N.B. A verse quotation of more than three lines should begin on a new line and be set off from the text. See “Quotations” below.

  • To separate stanzas in a run-in quotation that spans more than one stanza, use two forward slashes with a space before and after ( // ):
      • The narrator recounts what he heard “a lover sing” and when: “‘You shall love your crooked neighbour / With your crooked heart.’ // It was late, late in the evening” (6, 55–57).

N.B. Wherever possible, present such passages as block quotations set off from the text. See “Quotations” below.

  • To separate two terms paired as as opposites or alternatives and used together as a noun, use the forward slash with no space on either side:
      • The scholar interrogates such binaries as East/West, female/male, and right/left.

N.B. Use a hyphen rather than a forward slash when such a compound precedes and modifies a noun: nature-nurture conflict, either-or situation, East-West relations.

Ellipses

  • Use the closed ellipsis to indicate omitted text.
  • Add a full point (period) where appropriate; otherwise leave a space on either side of the ellipsis:
    • Sentence fragment … sentence fragment.
    • Complete sentence. … second half of following sentence.
    • End of sentence omitted …. New sentence.
      • “When Anne came down she took one also …. Branwell chose ‘Bonaparte’” (EEW 1:5).
      • The hero fails to secure the “handsome, … fashionable, … [and] rich” woman to whom he aspires.

Captions

  • Italicise captions; for titles of works that would normally be italicised, use roman.
  • End with a period, even if the caption is a sentence fragment.
  • Use sentence-style capitalisation except for titles of works.
  • List elements in this order:
    • Fig. # [Note: use "Figure" in body of text, "Fig." in parenthetical citations].
    • Creator and Title or description of work (it is also acceptable to have title or descrption of work first, followed by name of creator),
    • Other publication information if known and relevant (e.g., date of creation, description),
    • Acknowledgement of permission/ownership (in parentheses).
      • Fig. 1. Archive, photograph by Eleanor Bowen.

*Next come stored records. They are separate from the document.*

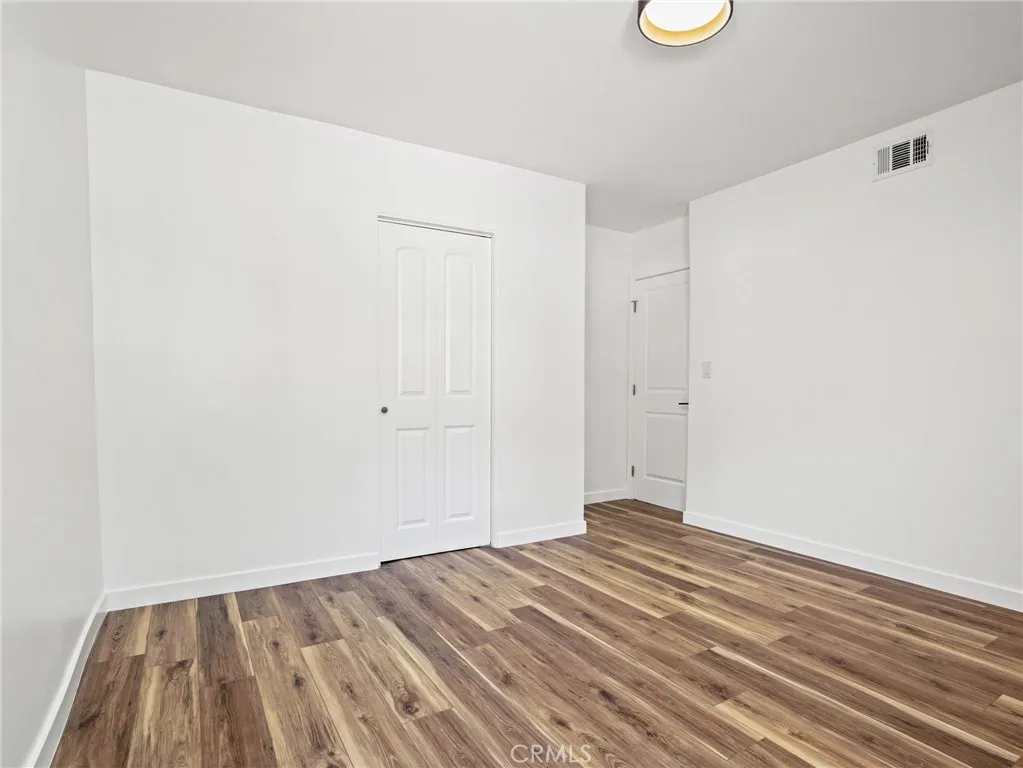 Additional image 76 of 5141 Don Pio Drive, Woodland Hills, CA 91364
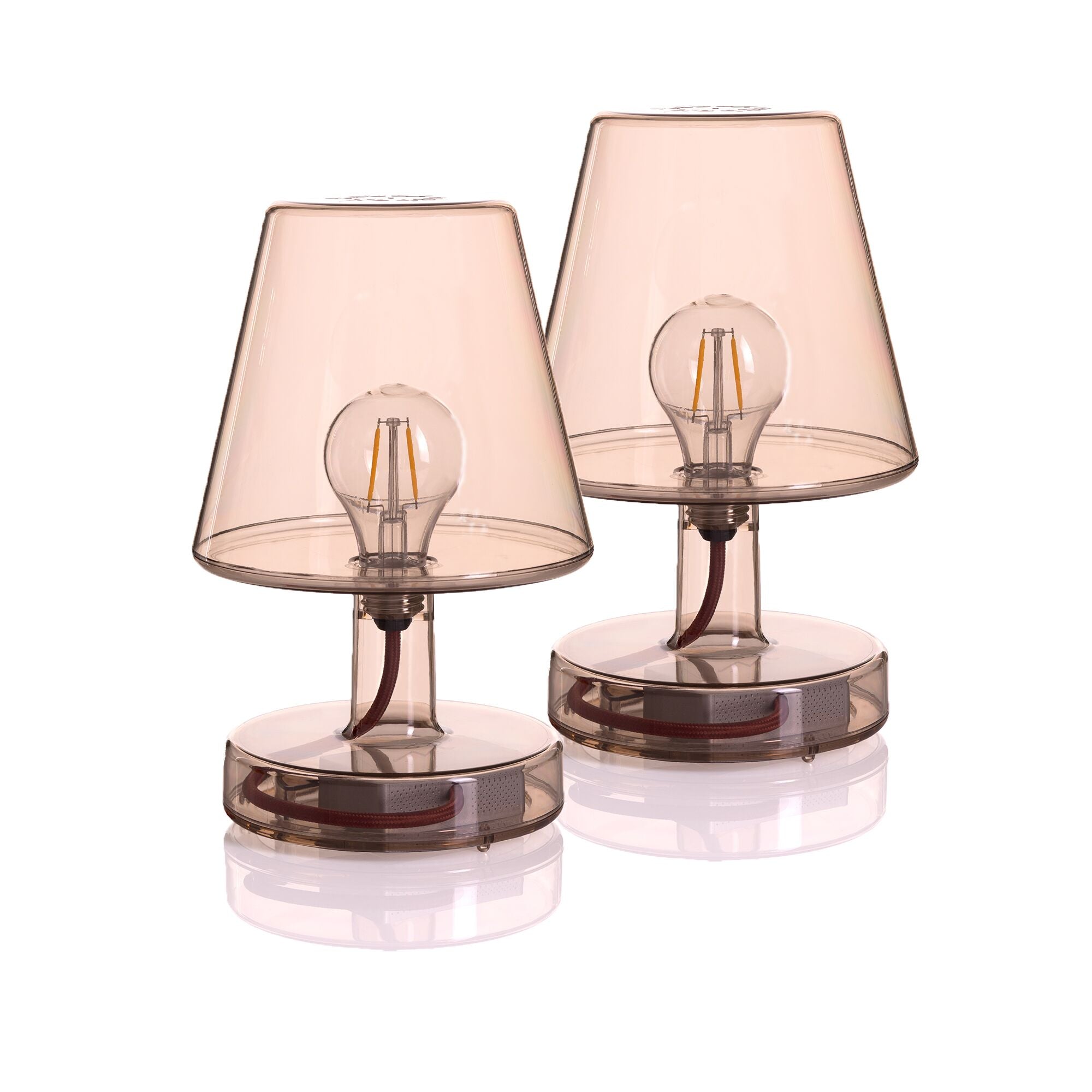 Fatboy Transloetje Lamp Set of 2 House&amp;Hold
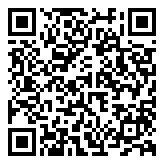 امسح الرمز بواسطة تطبيق أماكن أين على هاتفك لتشاهد التفاصل على التطبيق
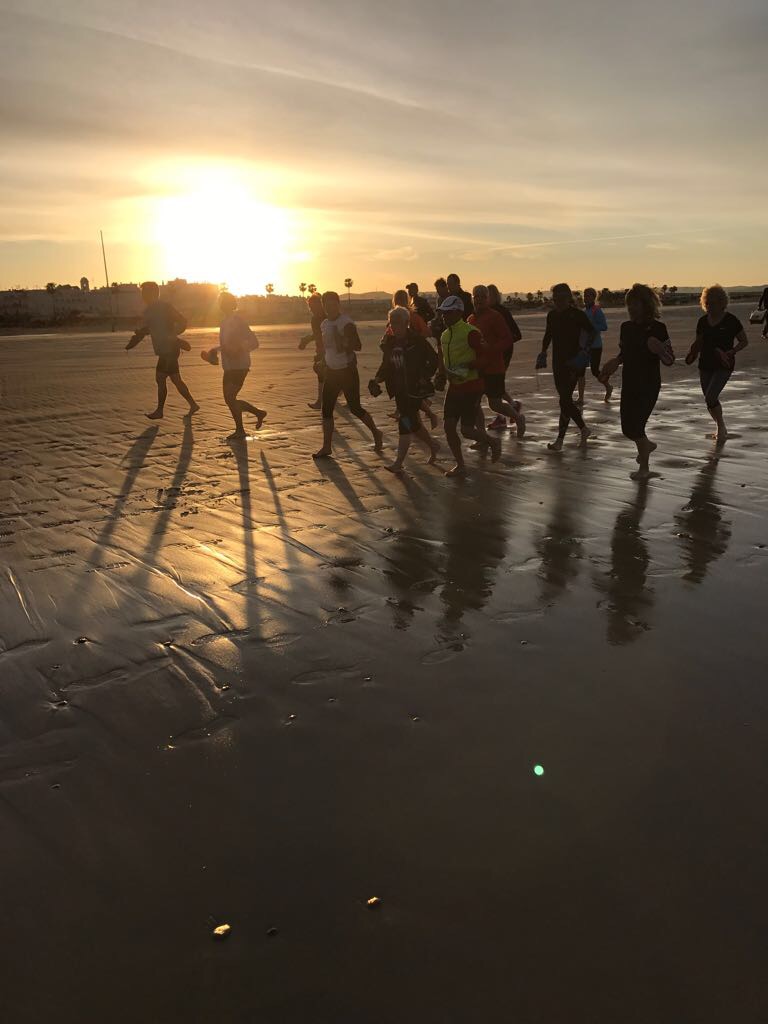 runsunfun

N.B: Archive” is here a descriptive term, not a title.

      • Fig. 4. Still Life with a Poem, by Juan Gris, 1915 (courtesy Norton Simon Art Foundation).

Quotations

  • Use double quotation marks; use single quotation marks (inverted commas) for quotations within quotations.
  • Always place periods and commas within quotation marks; place other punctuation marks inside if they belong to the text quoted, outside if they do not.
      • Upon arriving at his destination, “Mr. Gower rang-–the Door was soon opened. ‘Are Mr and Mrs Webb at home?’” (Evelyn 176).
  • Do not use quotation marks as scare quotes:
      • They were puzzled by such acts of so-called kindness. (NOT They were puzzled by such “acts of kindness.”)
  • If possible, use italics rather than quotation marks to single out a word qua word:
      • The noun reflection appears three times in the first chapter.
  • Alterations of quotations:
    • Do not use square brackets to alter a quotation (see example below) with the possible exception of changing capitalization when quoting a primary text.
    • It is acceptable to silently change an upper-case letter to a lower-case letter or the reverse. However, we encourage authors to use brackets to indicate a change in capitalization when quoting a primary text, as (per Chicago) this practice is appropriate in close textual analysis. If you choose to do this, please do so consistently throughout your essay.
    • Otherwise, use square brackets only to insert information. Do not alter the quotation.
    • Use “[sic]” to assure readers that a quotation is accurate if there is the possibility that they might question it:
      • ORIGINAL: I was silent, fearfull lest I might any more unwillingly distress her.
      • QUOTATION: Laura “was silent, fearfull [sic] lest” she “might any more unwillingly distress her.” (NOT Laura “was silent, fearful lest [she] might any more unwillingly distress her.”)
    • It is acceptable to change the typeface; please note all such changes in the parenthetical citation.
        • "You shall love your crooked neighbour" (55, italics added).
  •  
  • Block quotations: If a quotation is more than sixty words long (prose) or more than three lines long (verse), set it off from the text as a block indented half an inch from the left margin and half an inch from the right margin.
    • Although this is not a hard and fast rule, it often works well to introduce a block quotation with an independent clause followed by a colon.
    • A lengthy quotation is justified by close reading. Any block quotation should be followed by at least a short discussion of the quotation’s specific language. If such a close reading is not necessary to your argument, shorten the quotation and/or break it up into short quotations that can be run in.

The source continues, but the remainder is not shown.